If you’re like me, you love every minute of creating your handmade items, so it doesn’t often feel like work.  However, there are two points to consider here.  The first is if you want to scale your business up and potentially hire a person to help you in the future, then you need to build labor rates into your product prices.  If you don’t charge yourself for labor now and then you find yourself hiring someone later (whether it’s a person to help you bead, sew, knit, balance your account, or ship product), you will have to recalculate all of your prices at that point, which could affect an established customer base.  More importantly, your time has value.  Your skill has value.  You should get paid for that time and that skill.  And I don’t mean $3.00 an hour!

3.       Assuming that YOU are your customer

I fall into this trap all the time!  As artists, we may not have an income level that matches that of our customer.  It certainly depends on your market, but it’s important to avoid pricing your items according to what YOU can afford.  You may have an item that, when you calculate the price, you think, “Oh, no one will buy that at this price!” If you are assigning an appropriate value to your items then the customers who love what you offer and see the value in the product will be happy and willing buyers.  If you sell the item for less than what it is worth, then you are in danger of devaluing yourself as an artist. 

Another aspect to this trap is that we spend so much time with our products that sometimes we can grow too close to them to assign an appropriate value.  Familiarity can cheapen the value of the item, in our own eyes.  Try to look objectively at your work.  Put each item on a pedestal and adore it!  That customer who has been hunting for just the right thing will adore it, too, when they find it in your shop.  And they will pay money for it.

4.       Looking at what your competitors are charging and pricing your items accordingly

I believe that setting your prices according to your competition is detrimental to your wellbeing as an artist and a business owner.  When I browse products on Etsy, I’m amazed at how cheaply some sellers price their products.  It can be hard to offer an item for sale that is sometimes double what other sellers are offering for a similar product.  Don’t let other people’s money blocks dictate the cost of your items.   Come up with the formula that feels good to you, that helps you meet your business goals, and that reflects what you are worth as an artist.  You will be more at peace with yourself and happy doing the work because you know you are getting paid fairly for it. 

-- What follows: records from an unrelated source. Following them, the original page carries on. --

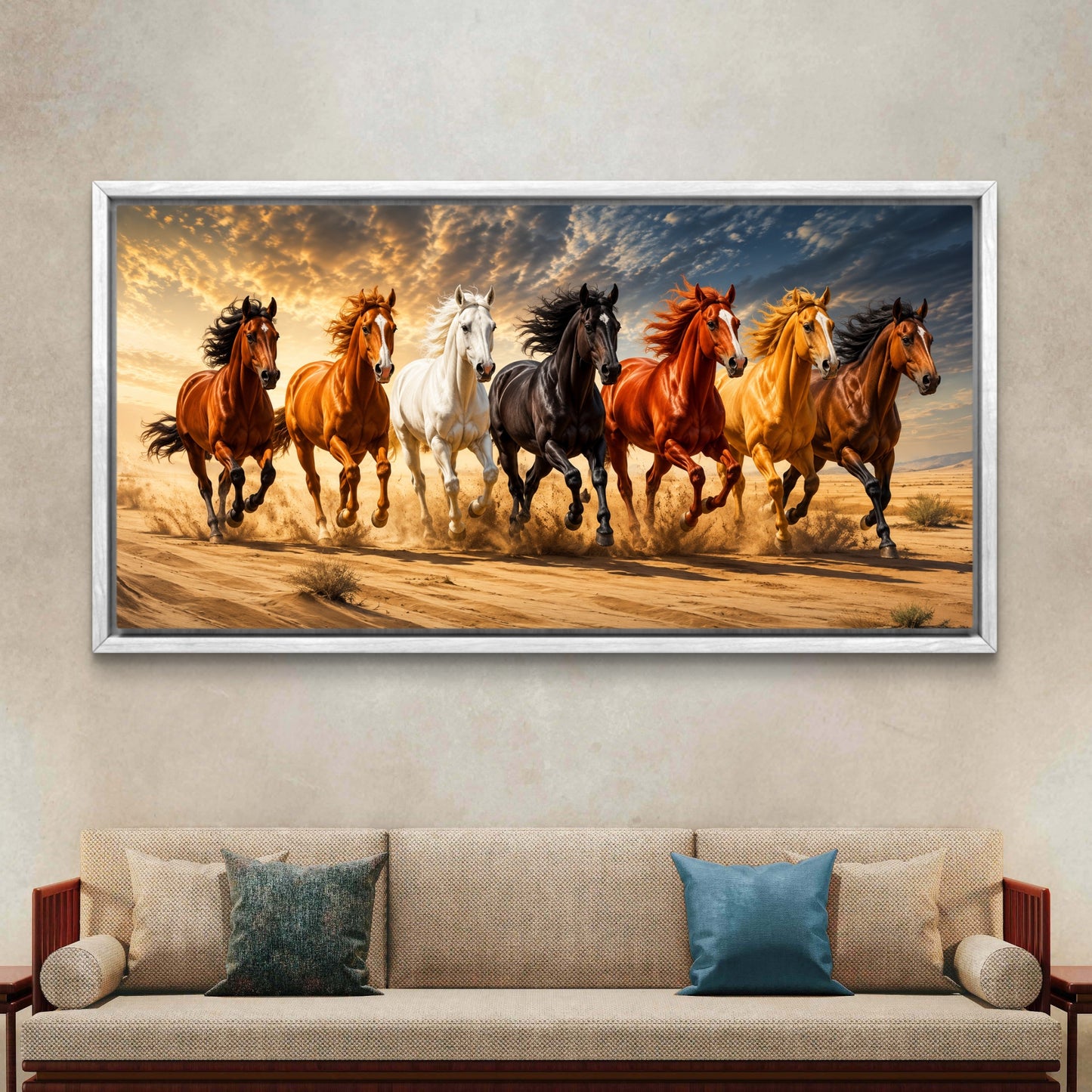 Seven Horses Premium Canvas Painting - Buy Online | Decor By Neon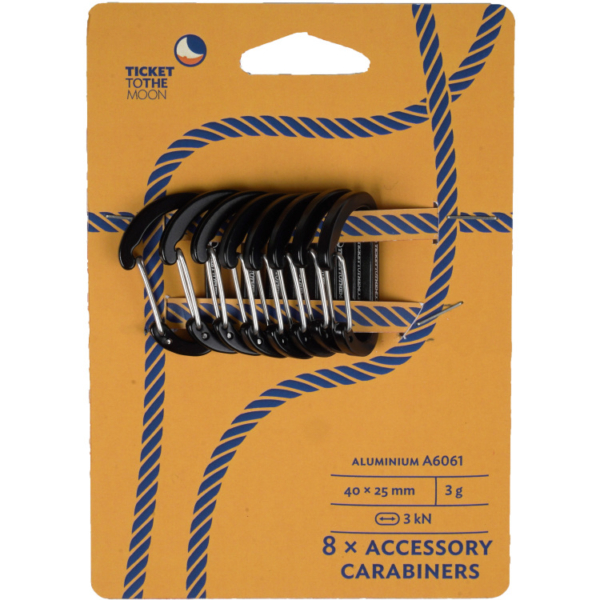 Ticket to the Moon Karabijnhaak 3 kN, 8-Pack bevestiging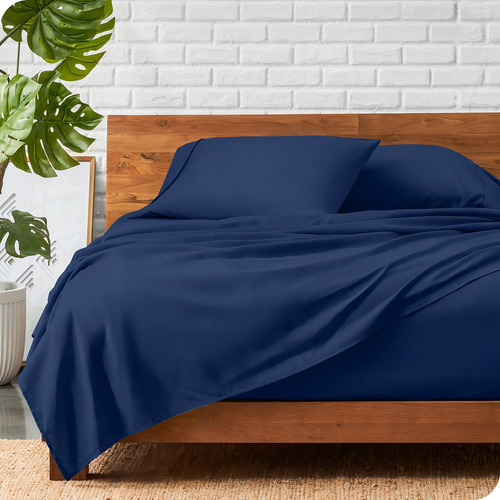 Bare Home - Juego De Sábanas De Microfibra Ultrasuave Color Azul Oscuro Diseño De La Tela Único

5.       Feeling guilty about asking for the true value of your work

I love lifestyle business guru Leonie Dawson who explains that there is a balance to the Universe in the exchange of goods and services for money and that when one person gets more value than the person on the other side of the transaction, it’s not healthy for either party.  That’s not to say that you can’t offer sales or promotions.  When you offer a promotion, you aren’t just selling your items more cheaply.  You are doing it for a reason; perhaps to create more buzz for your shop; to get more customers to sign up for your newsletter or blog; or for other non-monetary reasons that still have value to you as a business owner.

Do any of these money traps resonate with you?  How have you overcome them?  Are there other money traps we, as artists, should consider?


  1. Thanks for these good points! I'm always struggling with this issue.

  2. Really great advice. I have troubles pricing my items. Something that I'm constantly working on.

  3. Pricing is certainly not easy. I still struggle with how to capture overhead in the price of each item. Any thoughts?